Introduction to PatternLens
PatternLens is HLT Software’s unique pattern recognition technology, specifically designed to reveal hidden structures, behavioral clusters, and recurring signatures across the entire Bitcoin blockchain.
The name PatternLens symbolizes exactly what it does: acting as a powerful “lens” that makes otherwise invisible patterns in the blockchain clearly visible – much like a microscope reveals hidden details to the trained eye.
Structural Fingerprints & Key/Signature Patterns
This represents the technical core of PatternLens when it comes to key-recovery capabilities.
ECDSA signatures consist of the pair (r, s), where:
r = (k × G).x mod n
PatternLens systematically searches for recurring patterns in signatures that enable private key recovery or de-anonymization:
-
Nonce Reuse
When the same nonce k is reused across two different signatures, the identical r-value appears. This creates a solvable linear equation system, allowing full private key recovery.
priv = (s₂ · z₁ − s₁ · z₂) / (r · (s₁ − s₂)) (mod n)

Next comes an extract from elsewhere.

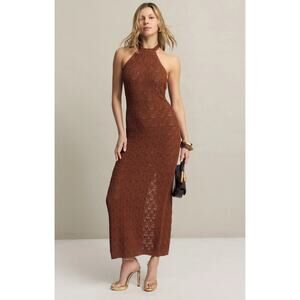 Ronny Kobo x RTR Crochet Halter Dress in Brown Size L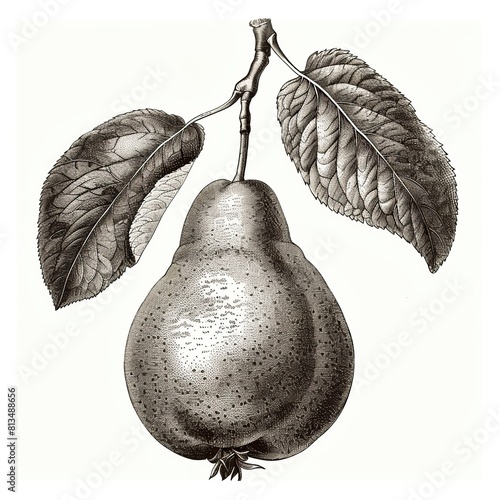 Engraving of a pear vintage illustration isolated on white background.. Digitally restored image from a mid-19th century Encyclopaedia.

Visualization concept: In the transaction graph, two signature pairs sharing the same r-value are connected by a prominent red edge → immediate recovery path flagged by PatternLens.
-
Weak / Linear Nonce Bias
When nonces exhibit partial predictability or truncation (common in flawed RNG implementations), PatternLens applies lattice reduction techniques to solve the Hidden Number Problem across multiple signatures.
Visualization concept: Scatter plot of r/s values (or derived nonce estimates) reveals visible lines, clusters or alignments → strong indicator of a defective nonce generator (e.g. truncated nonces, bad entropy).
-
Deterministic Nonce Patterns
Deviations from RFC 6979 or custom RNG implementations often produce repeating or predictable r-sequences. PatternLens detects these recurring patterns across large sets of signatures from the same entity.
And yes — we possess a whole arsenal of further, genuinely unique recovery techniques…
the kind we never talk about in public.
By combining signature forensics with graph-based behavioral clustering, PatternLens turns seemingly random ECDSA values into powerful structural fingerprints — often the decisive link between pseudonymous addresses and real-world recovery opportunities.